All that was missing was the finishing touch. That is not a new problem for Chelsea; it’s one that can be traced back to the infamous text message Conte sent to Diego Costa after his first season at the helm of Stamford Bridge. The Blues have never truly replaced the striker.
They have tried, many times in fact. Tuchel’s had his go too. The German approved the signing of Romelu Lukaku from Inter Milan for a club-record £97.5million last summer and then quickly realised the Belgian’s inclusion resulted in Chelsea becoming far more predictable in attack.
Lukaku has since returned to Inter on loan. Timo Werner has also departed this summer, rejoining RB Leipzig in a deal worth £25million. And despite the incorporation of Armando Broja into the first-team squad, Chelsea are still interested in bringing another forward to Stamford Bridge.

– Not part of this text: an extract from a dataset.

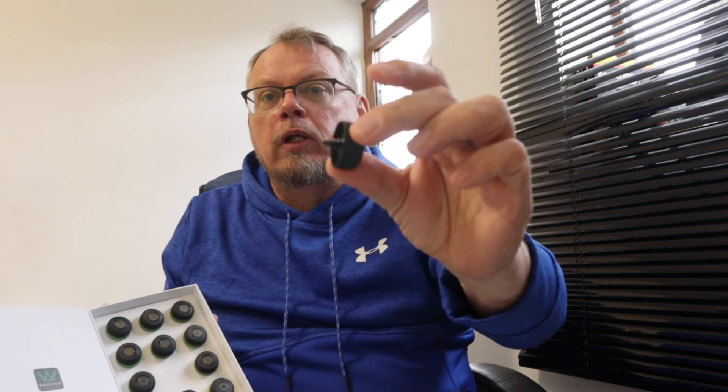First off you get the little tags. You put these into the top of your golf clubs — this one is totally black, the others have got some green around them and that goes into your putter. Once you've done that you download the app and you link them to your irons, your driver, and your putter. Quite easy to do, the app's straightforward enough.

Pierre-Emerick Aubameyang is Tuchel’s pick; no surprise given the two developed a close relationship at Borussia Dortmund. Yet certain pundits have suggested Chelsea go after a more illustrious name – and they are far from alone in this wish if social media is a barometer to judge.
“I cannot believe they didn’t or haven’t gone in for Cristiano Ronaldo. He just ticks all of the boxes Chelsea are lacking,” says Sky Sports’ Paul Merson. “Playing for Chelsea is not like playing for Manchester United, who are working from the halfway line. Chelsea are on the edge of the box, dominating games.
“Chelsea have unbelievable wing-backs, they dominate football matches, if they were putting the ball into the box for Ronaldo I would dread to think how many goals he could score.”
That last point is one many also made when Lukaku arrived. He was viewed as a goalscoring guarantee, the clinical edge Chelsea lacked. Yet his struggles showcase that simply dropping a goalscorer into Tuchel’s team does not solve every problem. If anything, it creates others.
At 37 years old, Ronaldo can’t do the pressing Tuchel craves from his forwards. Nor would the rotation of attackers displayed against Tottenham be as effective. And that’s before any off-pitch considerations, such as the Portuguese superstar’s salary, his stature, and his own ego, something which has created a problem for new Manchester United boss Erik ten Hag this summer.
Ronaldo is one of – if not the – best to have played the game. There is no doubt of that. But the fact a host of clubs aren’t queuing to sign him from Manchester United this summer speaks volumes and highlights that many a coach value the quantitative quality of a team over the undoubted brilliance of an individual.
It’s understood that Tuchel ended Chelsea’s interest in Ronaldo earlier this summer – and Chelsea’s performance against Tottenham highlighted why. Yes, greater ruthlessness is needed in the final third but certainly not at the cost of Tuchel’s tactical approach. That must always be the very first box ticked.